== Required action ==
All records are to be reproduced verbatim, with images omitted.

== Given records ==
--- START ---

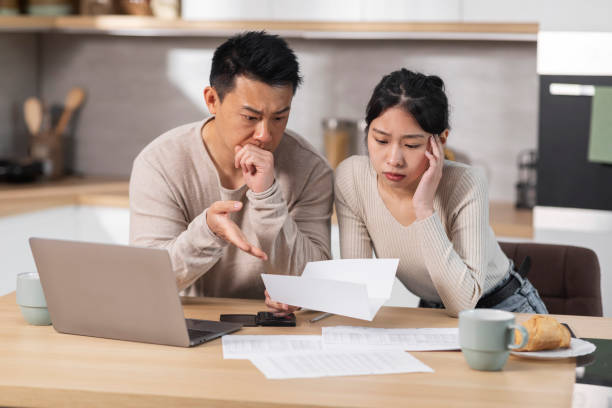 istock Unhappy asian husband and wife reading letter, kitchen interior 1471033512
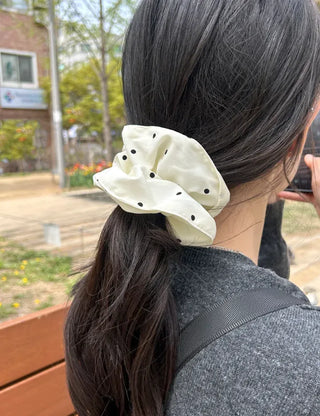 Dot crinkle hair tie scrunchie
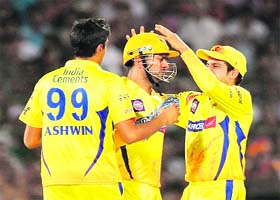 Chennai Super Kings R Ashwin (L), M S Dhoni (C) and Suresh Raina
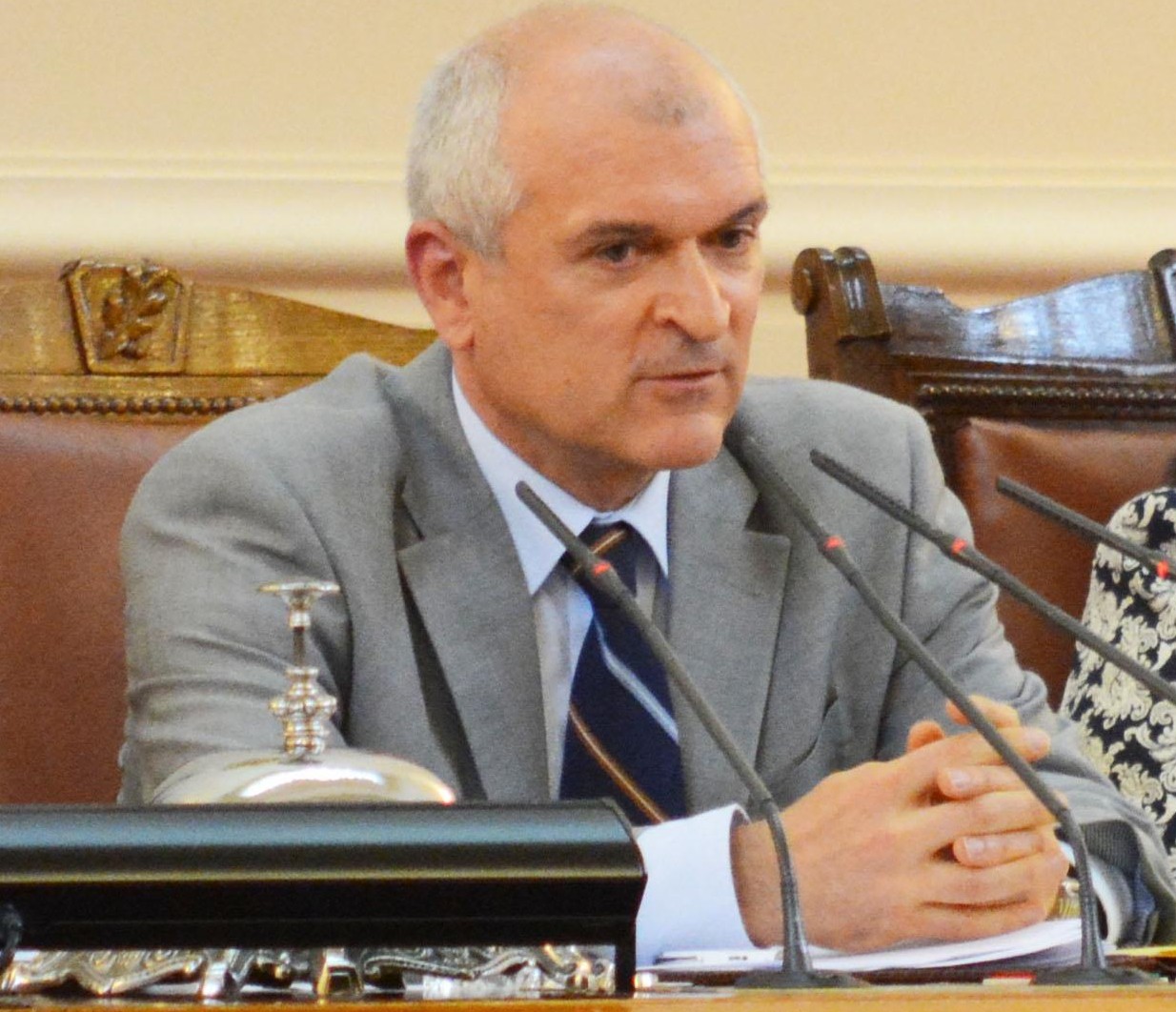 Мощен скандал взриви парламента! Главчев изгони знаков депутат на социалистите 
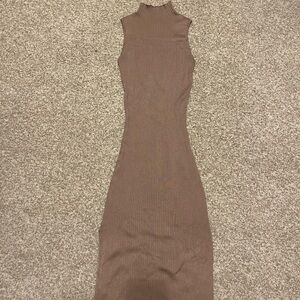 Olive & Oak Sleeveless Tan Midi Dress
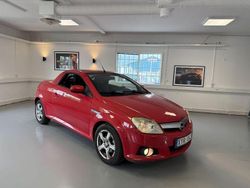 Röd Begagnad 2006 Opel Tigra Cab | 19 900 kr (Dyr)
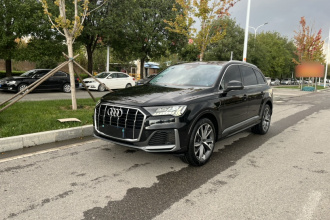 奥迪Q7 2021款 55 TFSI quattro S line运动型
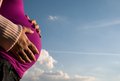 Eine Frau streichelt ihren Schwangerschaftsbauch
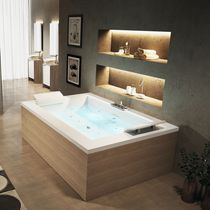 Badewanne für Wohnungen / modern / Wassermassage...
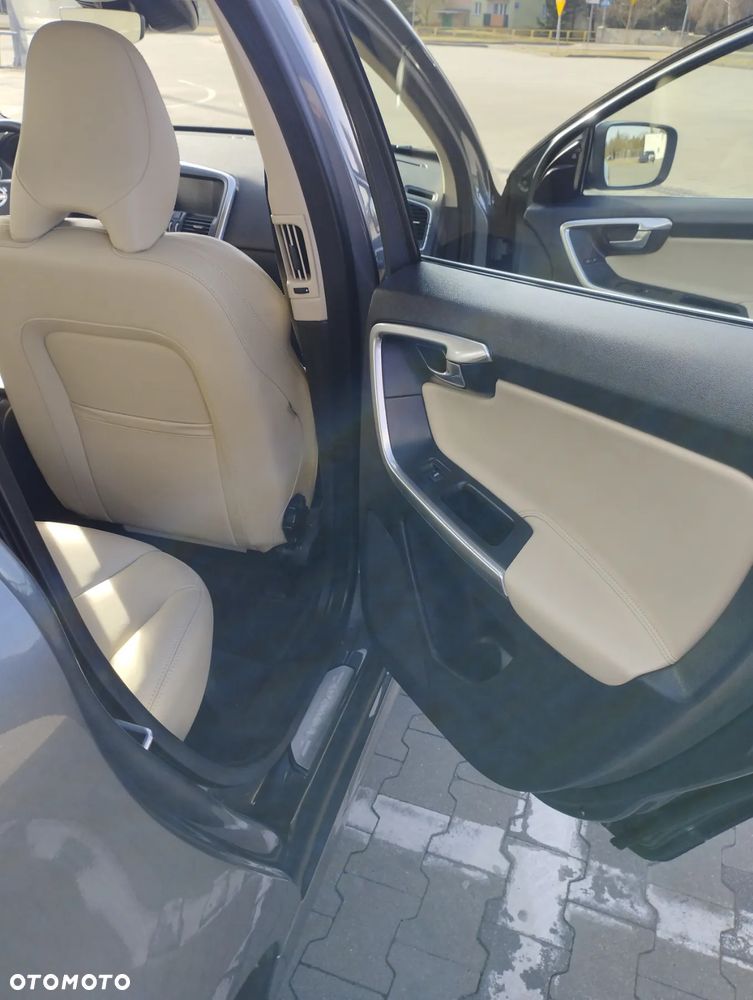 Volvo XC 60 D4 Momentum - 18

--- END ---

== Answer area ==
 istock Unhappy asian husband and wife reading letter, kitchen interior 1471033512
 Dot crinkle hair tie scrunchie
 Chennai Super Kings R Ashwin (L), M S Dhoni (C) and Suresh Raina
 Мощен скандал взриви парламента! Главчев изгони знаков депутат на социалистите 
 Olive & Oak Sleeveless Tan Midi Dress
 Röd Begagnad 2006 Opel Tigra Cab | 19 900 kr (Dyr)
 奥迪Q7 2021款 55 TFSI quattro S line运动型
 Eine Frau streichelt ihren Schwangerschaftsbauch
 Badewanne für Wohnungen / modern / Wassermassage...
 Volvo XC 60 D4 Momentum - 18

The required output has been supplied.